WHAT THIS TASK INVOLVES>
Line by line, retype the material exactly and leave each picture out.

SUPPLIED DATA>

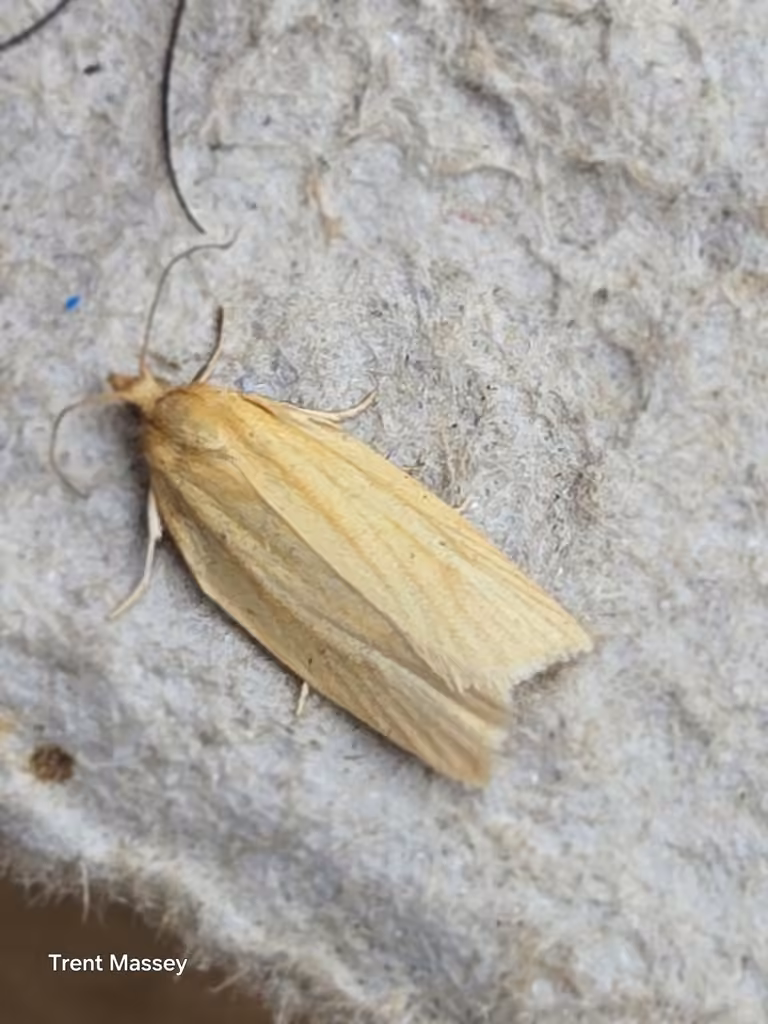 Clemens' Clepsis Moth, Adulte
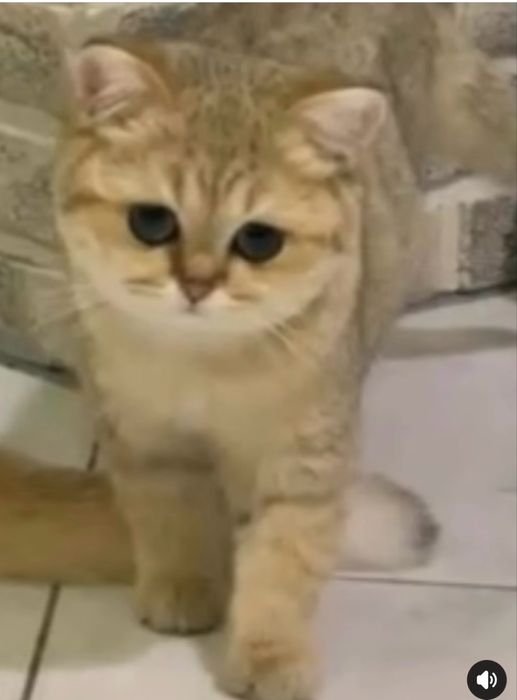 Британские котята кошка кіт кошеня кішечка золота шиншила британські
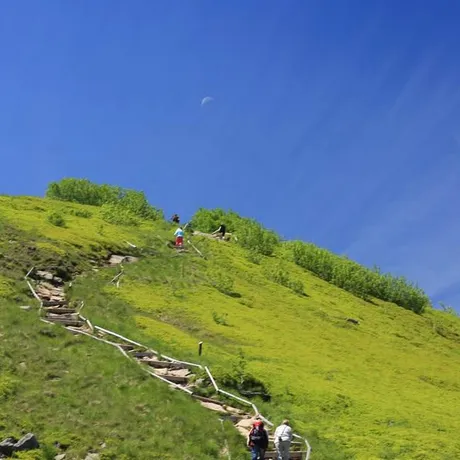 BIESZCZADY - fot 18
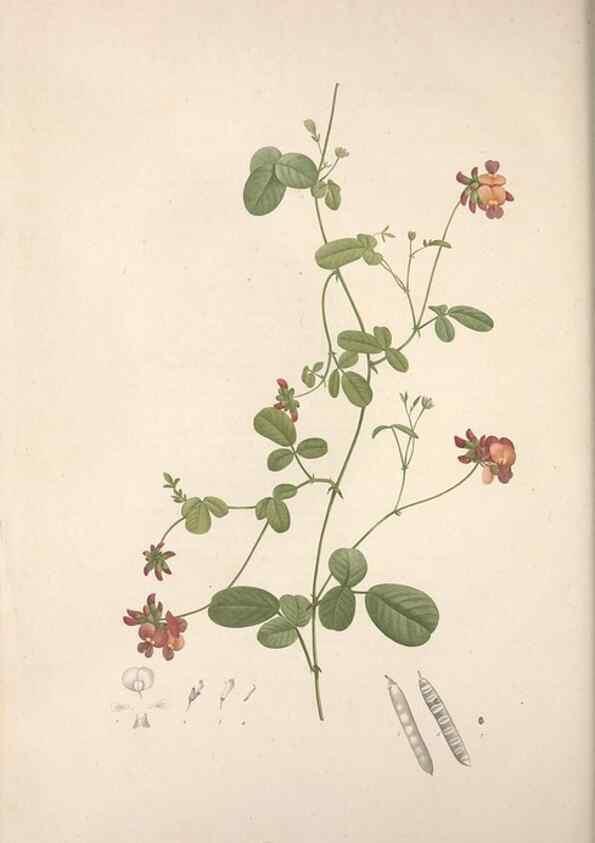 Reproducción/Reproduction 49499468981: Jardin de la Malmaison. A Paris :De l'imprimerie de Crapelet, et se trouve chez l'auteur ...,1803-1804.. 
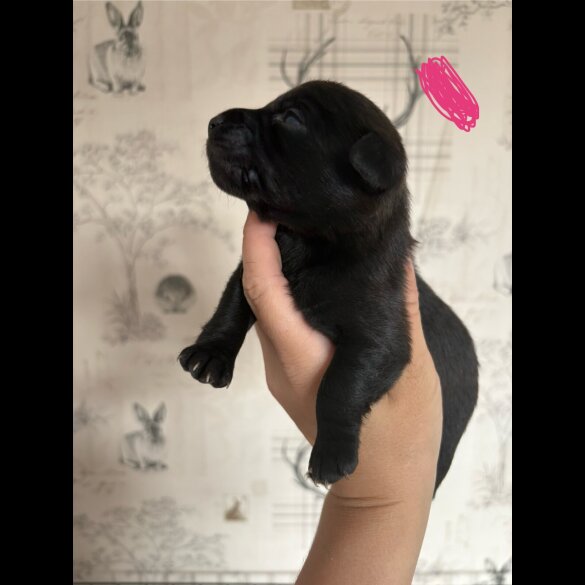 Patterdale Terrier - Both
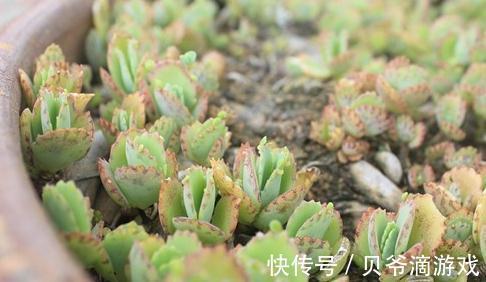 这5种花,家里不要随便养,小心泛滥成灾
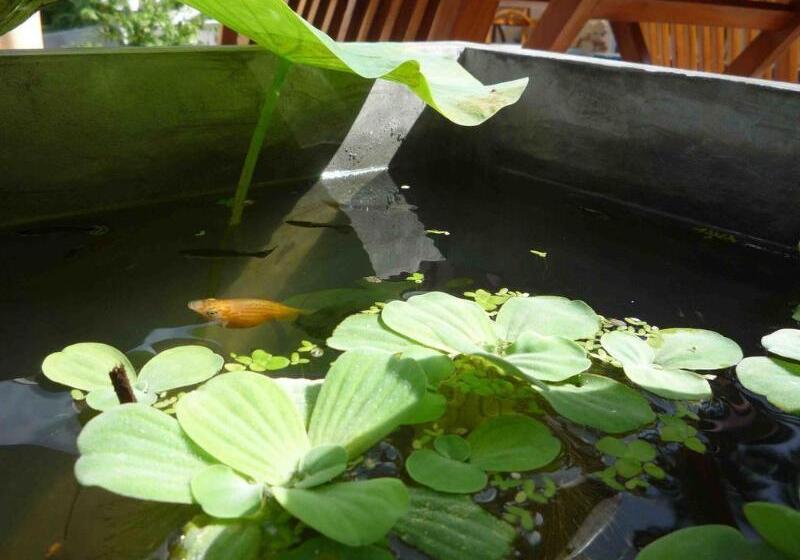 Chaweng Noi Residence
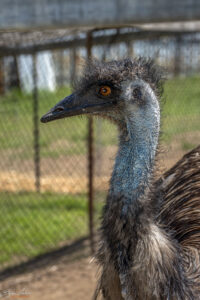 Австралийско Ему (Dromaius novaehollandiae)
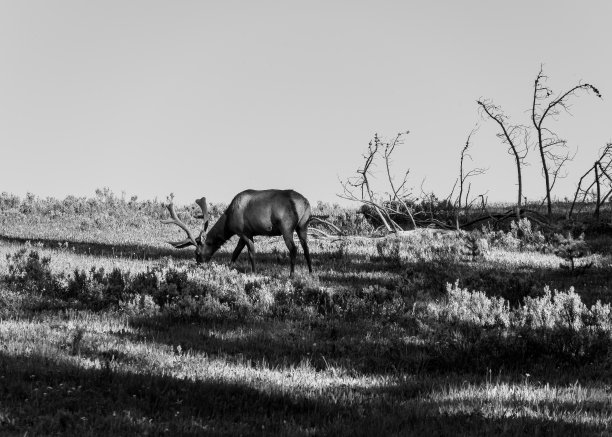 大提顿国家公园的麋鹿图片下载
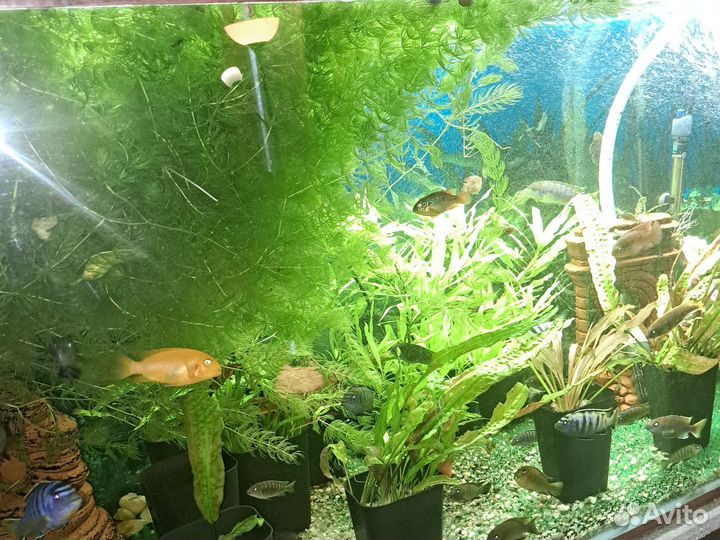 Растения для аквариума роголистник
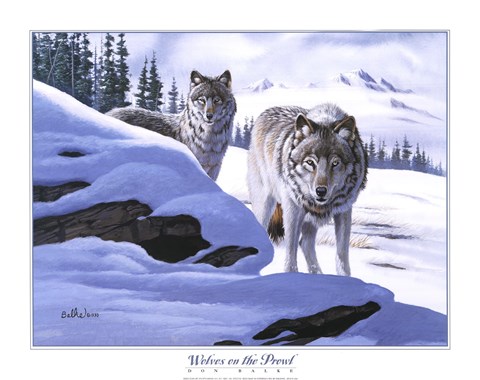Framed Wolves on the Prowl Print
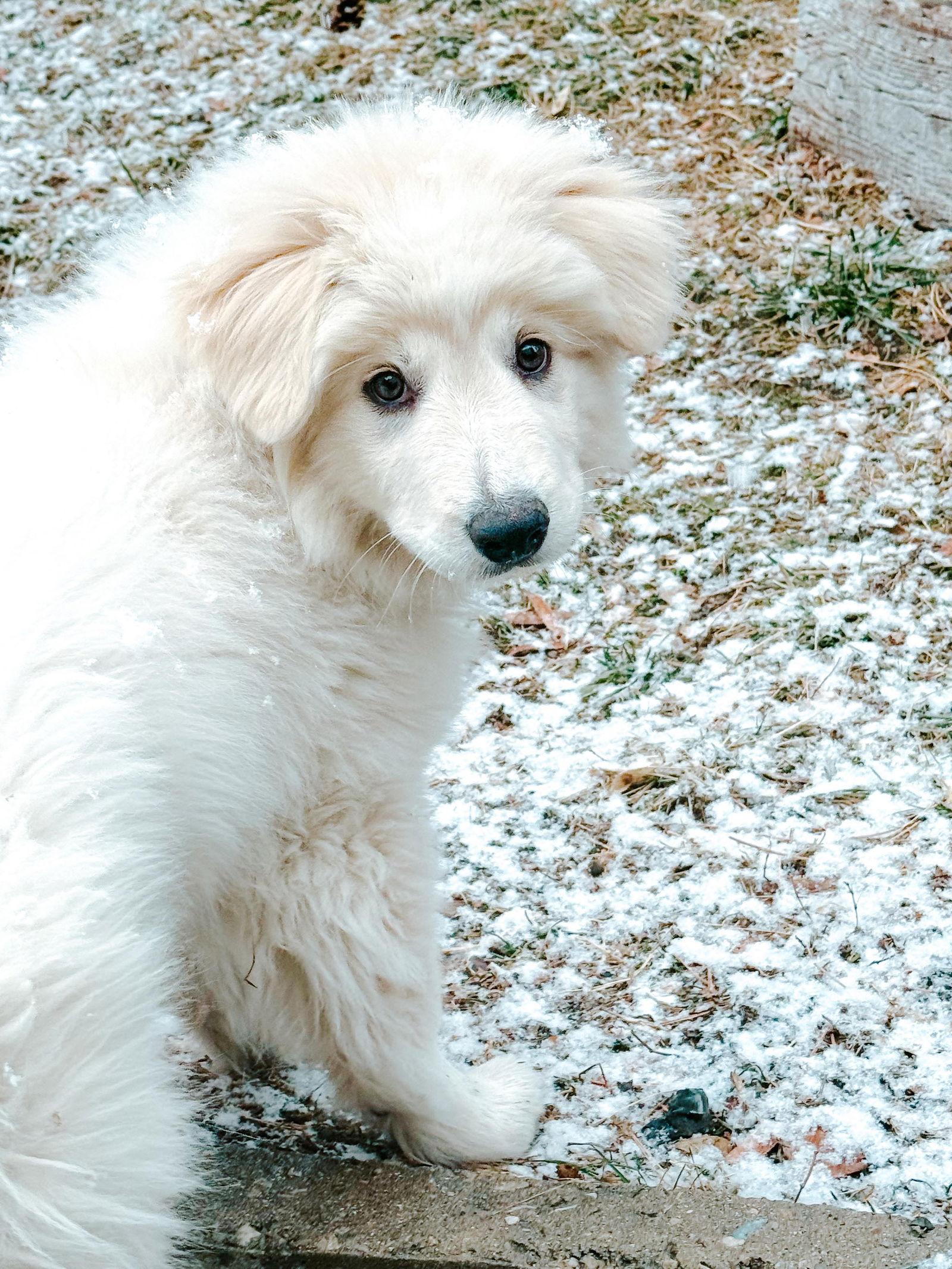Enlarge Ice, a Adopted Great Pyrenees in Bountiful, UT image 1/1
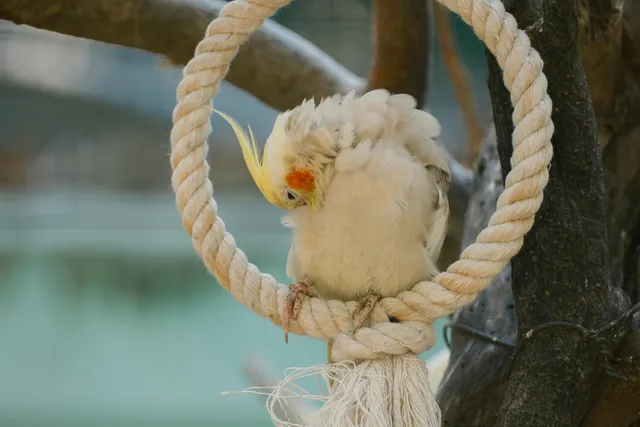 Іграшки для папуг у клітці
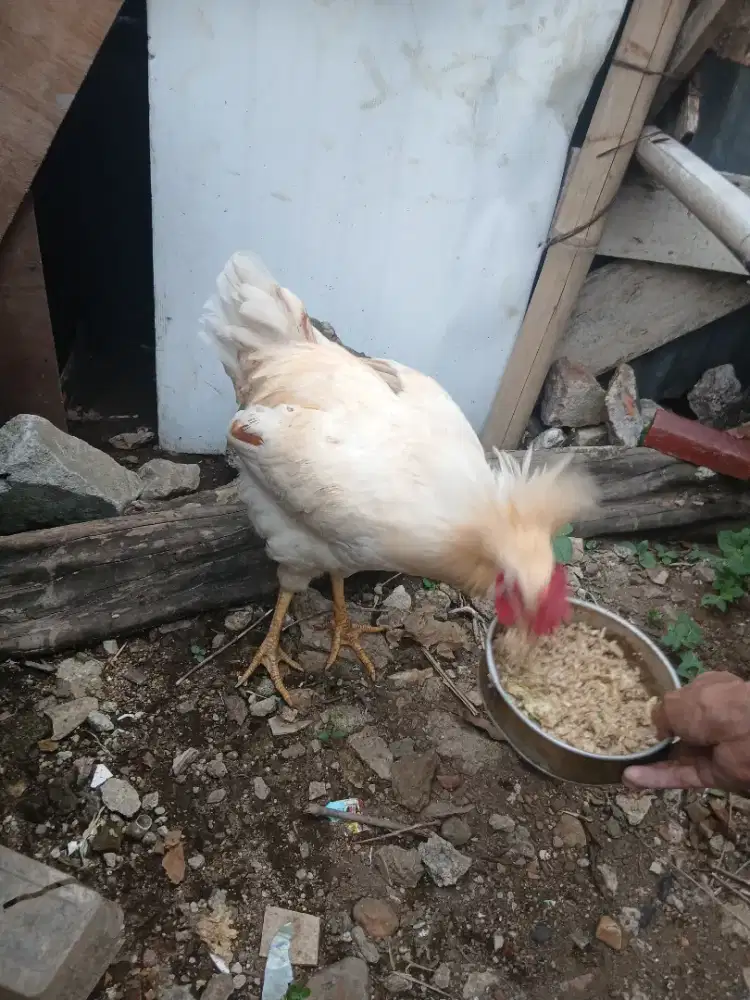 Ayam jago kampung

RESPONSE TO THIS EXERCISE>
 Clemens' Clepsis Moth, Adulte
 Британские котята кошка кіт кошеня кішечка золота шиншила британські
 BIESZCZADY - fot 18
 Reproducción/Reproduction 49499468981: Jardin de la Malmaison. A Paris :De l'imprimerie de Crapelet, et se trouve chez l'auteur ...,1803-1804.. 
 Patterdale Terrier - Both
 这5种花,家里不要随便养,小心泛滥成灾
 Chaweng Noi Residence
 Австралийско Ему (Dromaius novaehollandiae)
 大提顿国家公园的麋鹿图片下载
 Растения для аквариума роголистник
Framed Wolves on the Prowl Print
Enlarge Ice, a Adopted Great Pyrenees in Bountiful, UT image 1/1
 Іграшки для папуг у клітці
 Ayam jago kampung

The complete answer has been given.